[This is a multipart series relating to the RUNA Talks of the summer of 1991.]
Thirty-two years ago this summer, I undertook a series of talks on the subject of the Word RÛNA. I tell the story of the talks a bit in the text of HISTORY OF THE RUNE-GILD (Arcana Europa). These talks were held every week on Saturday morning at 10:00 at the Irminsûl-Hof in Austin, Texas. Written versions of the talks were published in 1996 Rúnarmál I which is available at www.seekthemysteries.com. I began the talks speaking to an empty room on June 6. James entered the room about half-way through, and from him the word spread about what was going on. The next talk was attended by about twenty people. No one who attended any of the Talks remained unchanged.

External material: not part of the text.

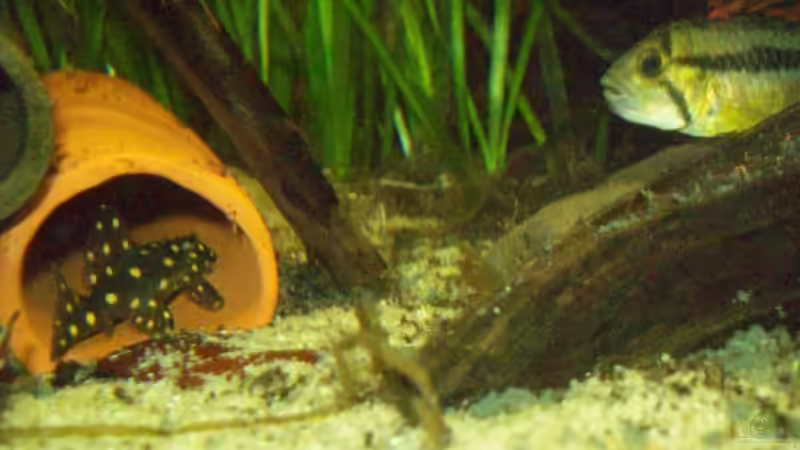 [04.11.09] von Tom Rudolph (16)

Eight talks occurred in the Saturday morning cycle. Three others included in the text were based on talks given at other times during that summer. To give an overview of the whole series, the titles of the Talks were: “On the Thews,” “The Power of the Word in Operant Runology,” “The Words and the Word: Auxiliary Formulæ,” “The Polarian Method and RÛNA,” “Universalizing the System,”“Head Staves,” “Transformation and RÛNA,” “Is RÛNA for All?,” “RÛNA and WYRD,” “Modeling and Re-Modeling of Self and Culture” and “RÛNA as a Trans-Æonic Word.”
What I am presenting here is necessarily fragmentary and in order to understand the message of the Rûna-Talks entirely, I think the student would have to read them all in their entirety in sequence. However, as in every case when dealing with the Mysterious, fragmentary information can have its own kind of message given the right reader(s). The Romantics extolled the virtues of the Fragmentary as a concept in and of itself.
From Talk I: The Concept of Rûna
RÛNA means the Secret or Mystery (Rune), and the ultimate Secret is housed in the concept of Secrecy itself. It is not that something is being consciously concealed, it is a matter of approaching the Form or Principle of Hiddenness itself which lies at the root of the mystery.
RÛNA is a noun, but its force, its effect, if you will, is dynamic and verbal.
The novelist John Fowles, writing in his philosophical treatise The Aristos (p. 28), explains this phenomenon quite well when he says:
Mystery, or unknowing, is energy. As soon as a mystery is explained, it ceases to be a source of energy. If we question deep enough there comes a point where answers, if answers could be given, would kill. We may want to dam the river; but we dam the spring at our peril. In fact, since ‘God’ is unknowable, we cannot dam the spring of basic existential mystery. ‘God’ is the energy of all questions and questing; and so the ultimate source of all action and volition.
Continuing with Fowles’ metaphor for a moment, the Rune (RÛNA) is the ultimate source of all waters, and the runestaves are the springs feeding the rivers of meaning in this world of Midgard.
Also, when confronting the very concept of the Secret itself we soon come up against an ancient dichotomy: a polarization of ideas. Such polarizations are not an obstacle, but a bridge for the Runer. There are the "Secrets of Nature," and the "Secrets of the Soul." This describes the two poles of RÛNA— one outer ("out there," in Nature) and one inner ("in here," in the mind, soul or spirit of the individual human being.)
Scientists spend their time trying to "figure out" the "secrets of nature." The fact that there is, much to most scientist’s chagrin, a great deal of the Mystery in what they are trying to do is revealed by the curious, but well-known and uncontested phenomenon that occurs whenever one of these scientists unravels a "secret of nature." The first thing that happens is that a myriad of "new secrets" present themselves to be unraveled. The scientist is not creating the Known, but the Unknown.
At the same time mystics spend their time trying to "figure out" the "secrets of the psyche." Many, especially in our modern age, attempt to do so by looking to scientific methods, and by seeking to "demystify" magic.
Both the "scientist" and the "mystic" most usually miss the point of their endeavors because they consider themselves on the same path (in the case of the "modern mystic" who says things such as "magic is just undiscovered science," or they see themselves as absolutely unrelated to one another (as is most often the case with the materialistic technician).
In reality these tendencies betray the fact that these are two polar opposites, with both existing on the same spectrum. This is why each contains the seed of its opposite in practice. The Runer, one aware of, and working with, RÛNA, is conscious of this polarity and is able through this knowledge to avoid the pitfalls inherent in the situations.
Manifestations of these two Runes (inner and outer) are present in the symbolism of each of the runestaves. The basic definition of RÛNA as "Sense of the Hidden" accounts for both ends of this spectrum. The sense is an inner, subjective, numenon, while the hidden itself is an outer, objective, phenomenon.
So the question looms: What are we to do with this knowledge? The answer to that question is contained in the galdr: reyn til runa! This is an Icelandic phrase which means alternately: "seek the mysteries," or "try for the mysteries."